The clearest sign the operating model is working is not the score moving first. It is the leading indicators moving first: AI-engine representation accuracy, citation frequency, and competitor displacement in agent-mode answers. The Credibility Score crosses the band when those signals have already been moving for weeks. If a team is only watching the score, it is watching the lagging indicator.
Separate the two clocks
The page-clock versus brand-clock split lets teams treat early citation movement as a signal without mistaking it for category authority.
Test category effects
An AI-infrastructure company, security vendor, and MarTech platform may not earn the same citation surfaces in the same order.
Split the indicators
Track representation accuracy, citation frequency, competitor displacement, and score movement separately for 90 days.
Questions readers ask after the interview
What is Machine Relations in AI visibility?
Machine Relations is Ignite X’s execution practice for changing how AI engines describe a brand. Where the Credibility Score diagnoses which of six dimensions is dragging a brand down, Machine Relations is the ongoing work that moves those dimensions: entity cleanup, citation surface building, founder authority, community presence, media authority, and repeat measurement. The score is the diagnosis; Machine Relations is the remedy.
What is the difference between the page clock and the brand clock?
The page clock is how long a single new page takes to be cited in tools like ChatGPT or Claude, around a 6.81-day median to first citation in the benchmark discussed here. The brand clock is how long AI engines take to update the aggregate story they tell about a company across many queries, which runs on a 60-to-90-day window. Fast page citations are a leading indicator, not proof that the brand is already treated as a category authority.
How long does it take to move an AI visibility or Credibility Score?
In the composite engagement Carmen describes, two weeks of entity work barely moved the score, with Digital Trust rising from 3 to 4, but it corrected how AI engines represented the company. The heavier lifting in weeks four to ten took the score from 11 out of 30 to 19 out of 30 and crossed the tier.

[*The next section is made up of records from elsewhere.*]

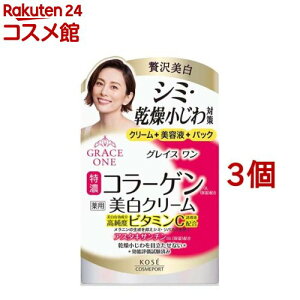 OCX p WFN[(100g*3Zbg)yOCXz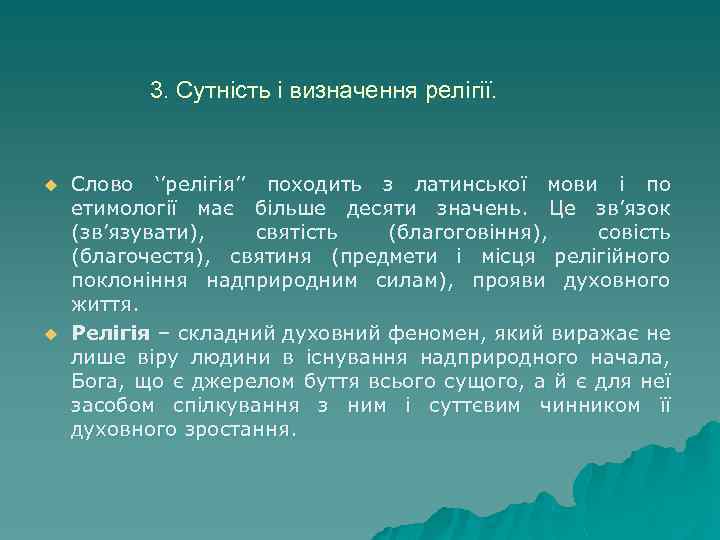 3. Сутність і визначення релігії. u u Слово ‘’релігія’’ походить з латинської мови і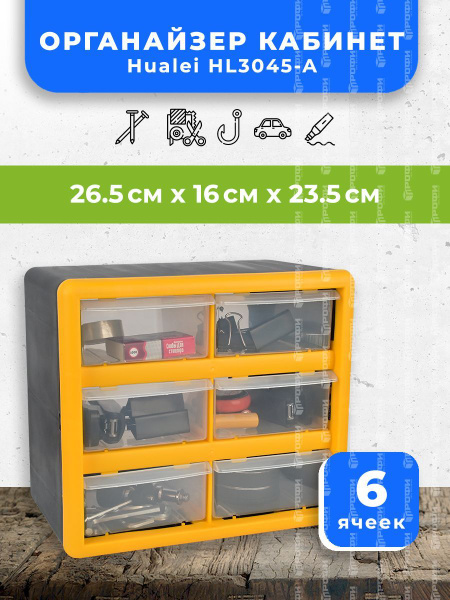 Органайзер-кабинет Hualei HL3045-A 6 ячеек 26.5x16x23.5 см, ящик для ...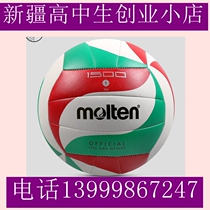 Xinjiang molten molten volleyball test students 1500 soft No 5 No 4 PU training competition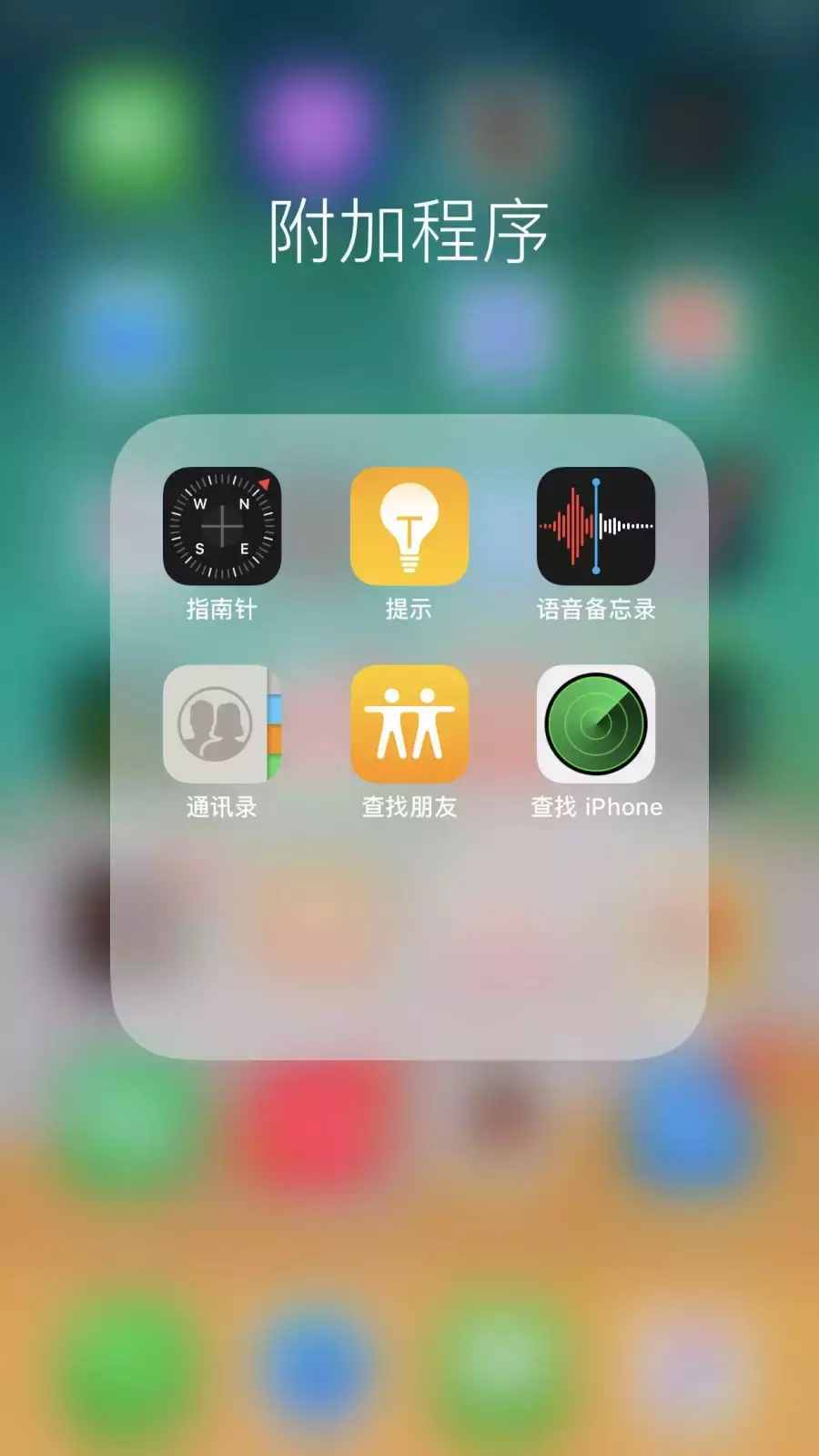 怕女朋友丢了？那是不可能的，苹果手机定位找人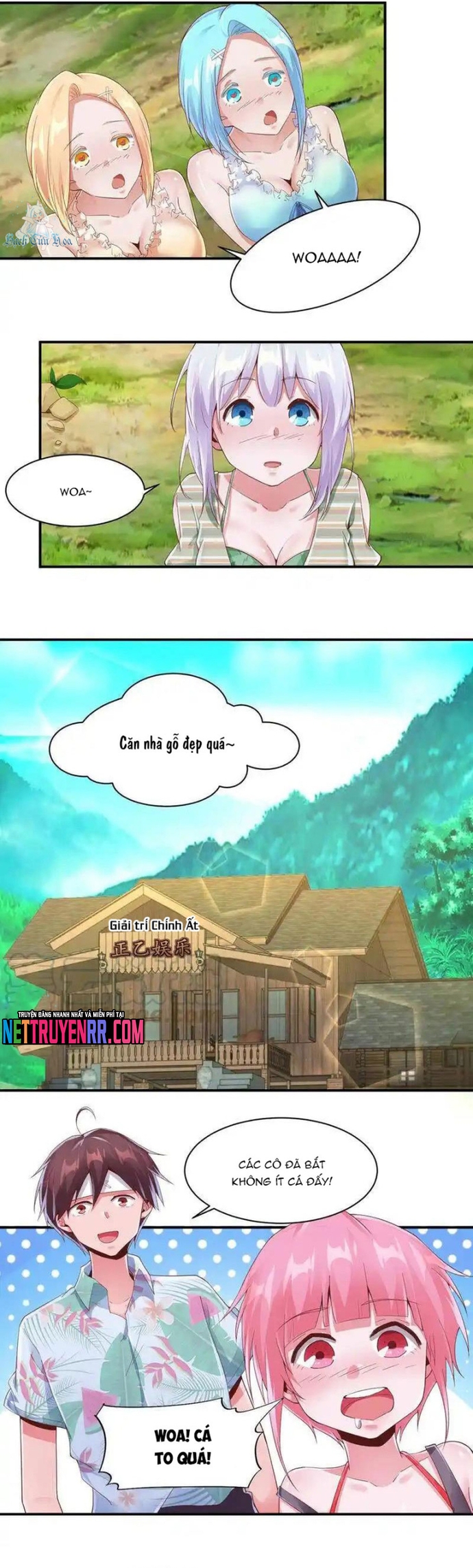 Trang 7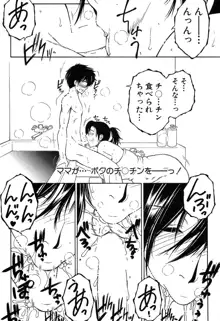 Dream Note Ch. 1-2, 日本語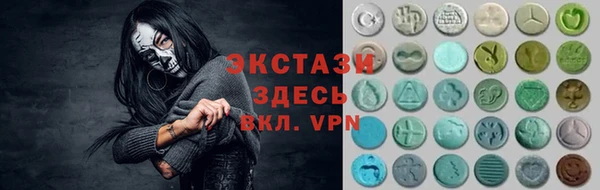 MDMA Алзамай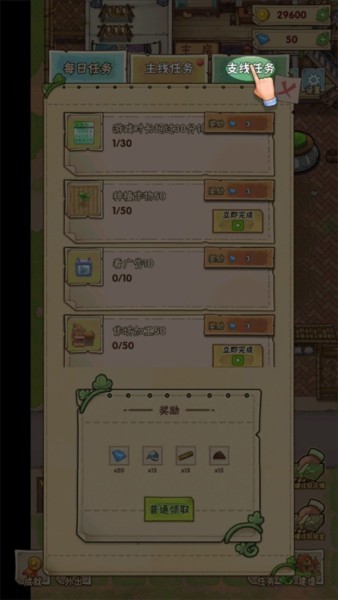 猪笼城寨游戏截图7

Tier movement needs several page-level wins plus the slower dimensions catching up over 60 to 90 days.
Does posting more on LinkedIn improve founder authority for AI visibility?
Usually not by itself. AI engines weight founder authority on what they can verify across independent surfaces, not on volume inside one platform a person owns. A realistic 90-day build is three verifiable signals in order: one contributed article, one podcast with an indexed transcript, and one earned-media mention with the founder quoted, while LinkedIn drops to one or two strong posts a week that point at those signals.